→ **Aim of the exercise**: Would you transcribe the records below from the line with "Una foto de" to the line with "Vespa GTS 300", ends included, exactly and with nothing more, leaving the pictures out?

→ **Given records**:

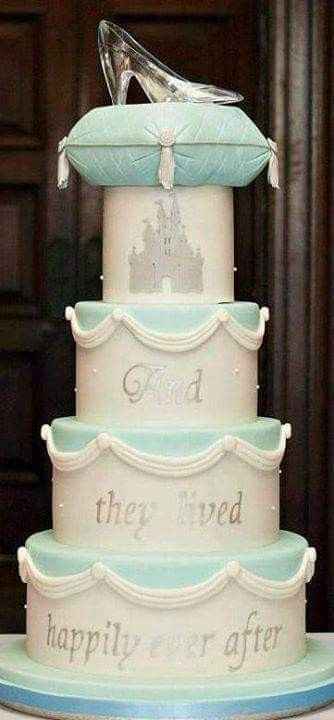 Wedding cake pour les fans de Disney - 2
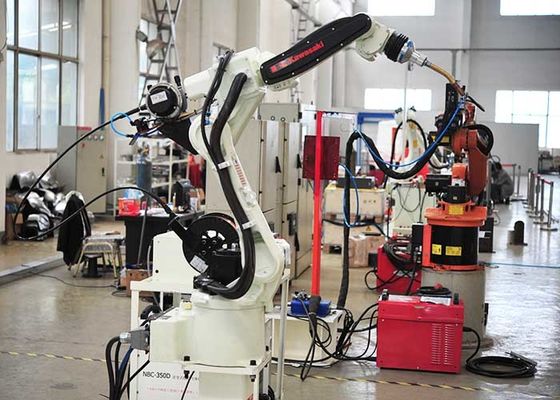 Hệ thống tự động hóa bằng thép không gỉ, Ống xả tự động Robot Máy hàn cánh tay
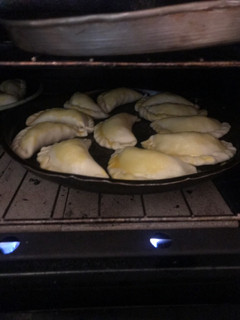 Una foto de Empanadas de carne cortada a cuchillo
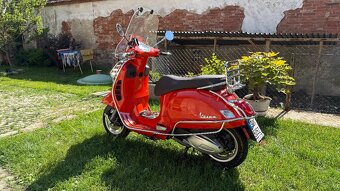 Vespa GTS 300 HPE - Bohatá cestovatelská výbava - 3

* * *

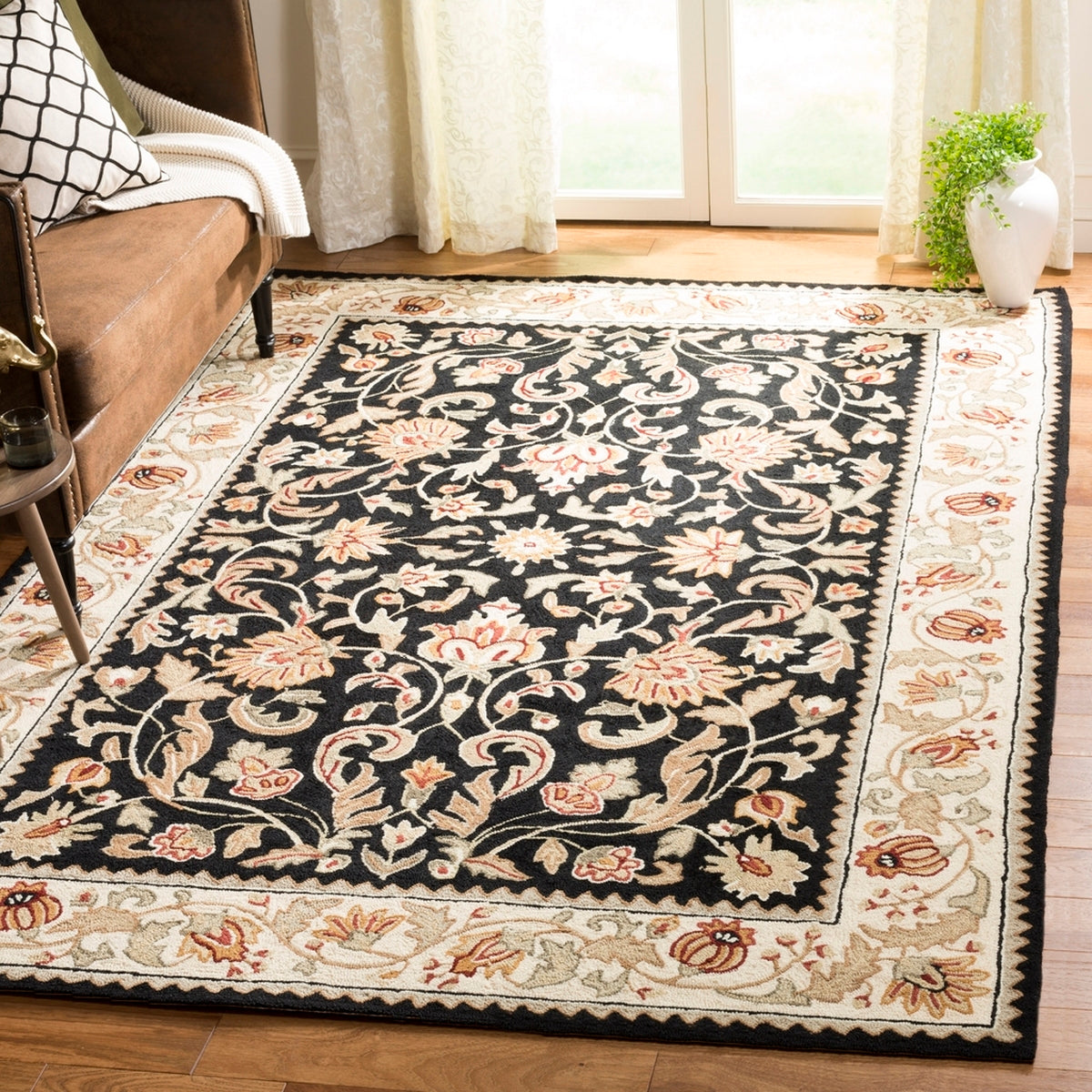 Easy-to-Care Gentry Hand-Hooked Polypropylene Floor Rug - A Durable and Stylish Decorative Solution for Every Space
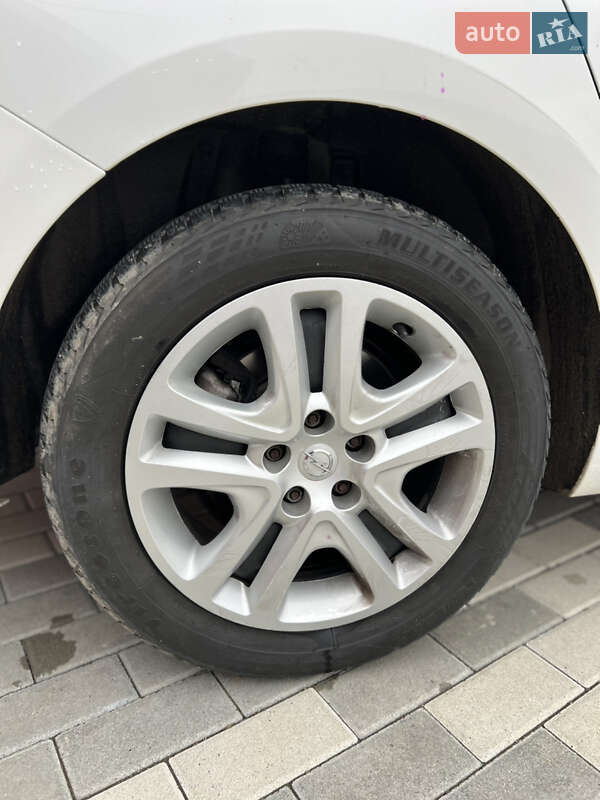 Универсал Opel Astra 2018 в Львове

→ **Your response**:
 Una foto de Empanadas de carne cortada a cuchillo
 Vespa GTS 300 HPE - Bohatá cestovatelská výbava - 3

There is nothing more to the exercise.